Assignment: Send back the records exactly as written, with no images.

[[ Information given, beginning ]]

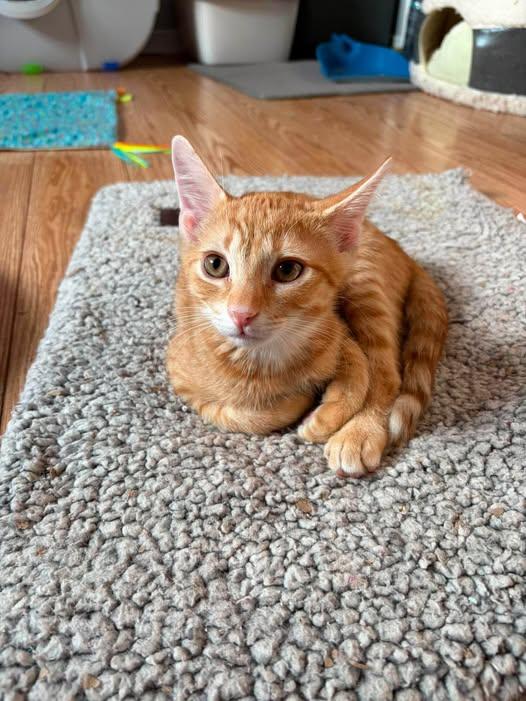 Decker, Adoptable, Young Male Tabby.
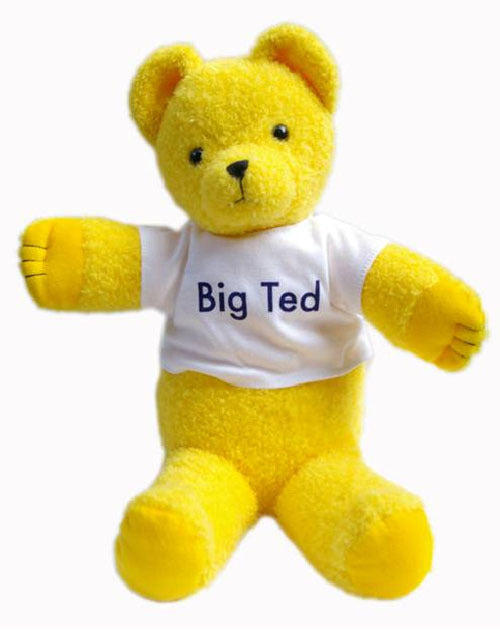 PLAY SCHOOL BIG TED PLUSH - Toyworld Frankston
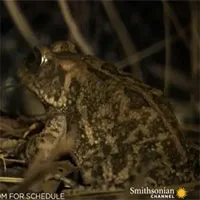 Video: Xót xa cho chú cóc siêu đen đủi, tránh được rắn hổ mang thì đụng ngay ếch lớn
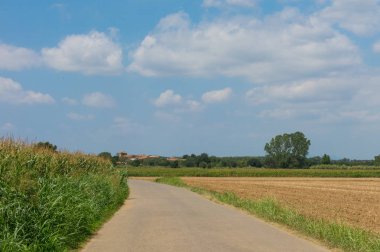 İkincil yolun ortasında Katalan kırsal. Akdeniz peyzaj Baix Emporda il.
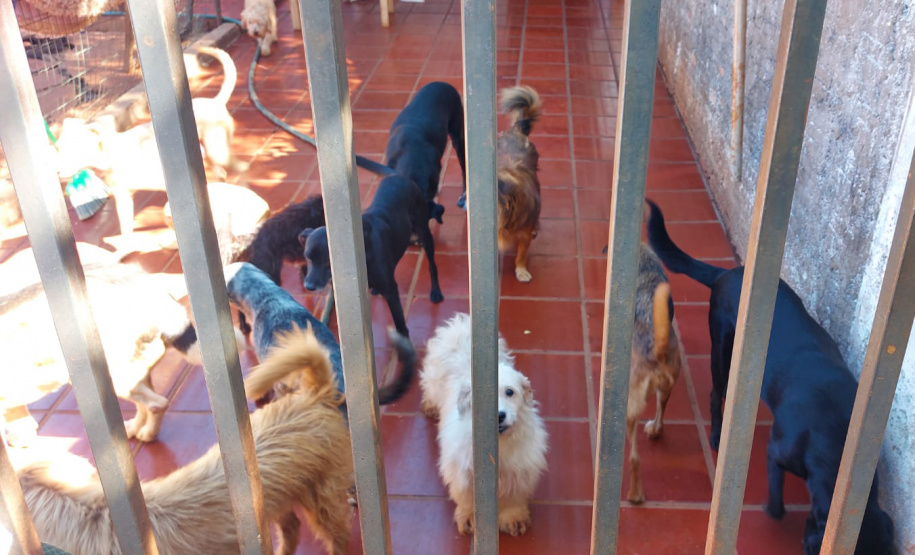 Polícia Penal doa camas e roupas pet feitas por detentos a abrigo de animais em Cascavel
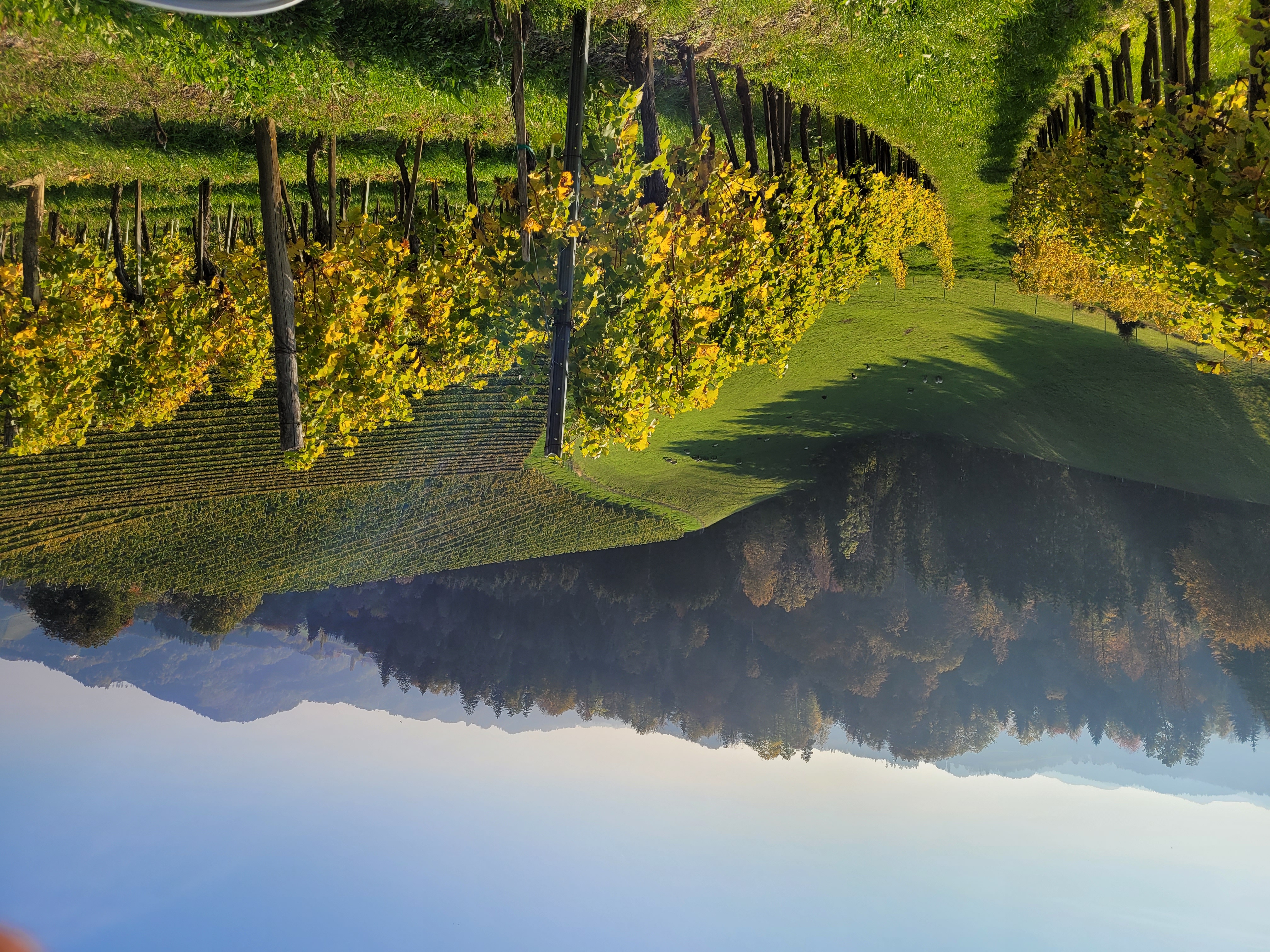 Pensionen - Arnfels - Bauernhof Kure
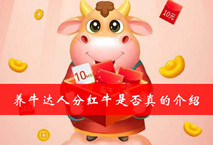 养牛达人分红牛是否真的介绍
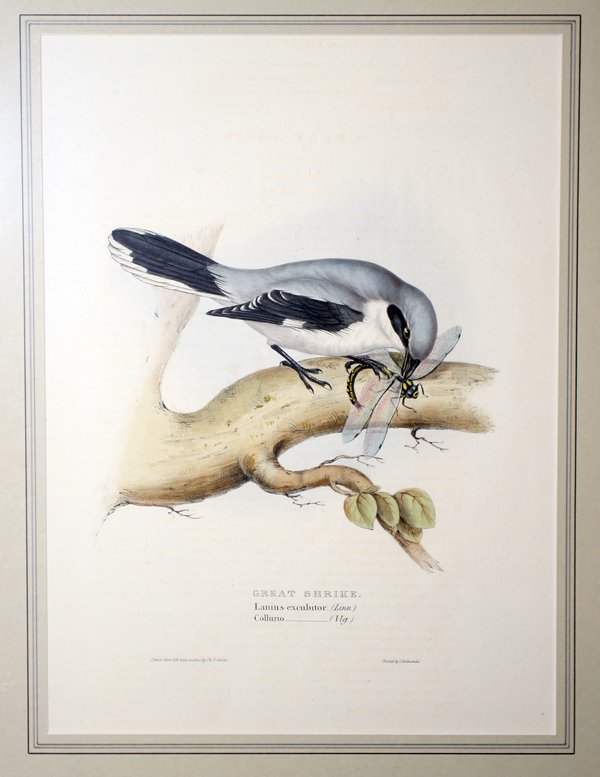 J & E GOULD LITHO 15" X 19", 'GREAT SHRIKE'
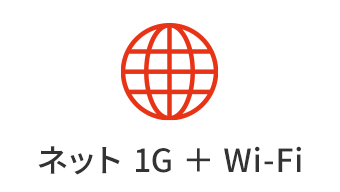 NET 1G + Wi-Fi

[[ Information given, end ]]

Exercise answer:
 Decker, Adoptable, Young Male Tabby.
 PLAY SCHOOL BIG TED PLUSH - Toyworld Frankston
 Video: Xót xa cho chú cóc siêu đen đủi, tránh được rắn hổ mang thì đụng ngay ếch lớn
 İkincil yolun ortasında Katalan kırsal. Akdeniz peyzaj Baix Emporda il.
 Polícia Penal doa camas e roupas pet feitas por detentos a abrigo de animais em Cascavel
 Pensionen - Arnfels - Bauernhof Kure
 养牛达人分红牛是否真的介绍
 J & E GOULD LITHO 15" X 19", 'GREAT SHRIKE'
 NET 1G + Wi-Fi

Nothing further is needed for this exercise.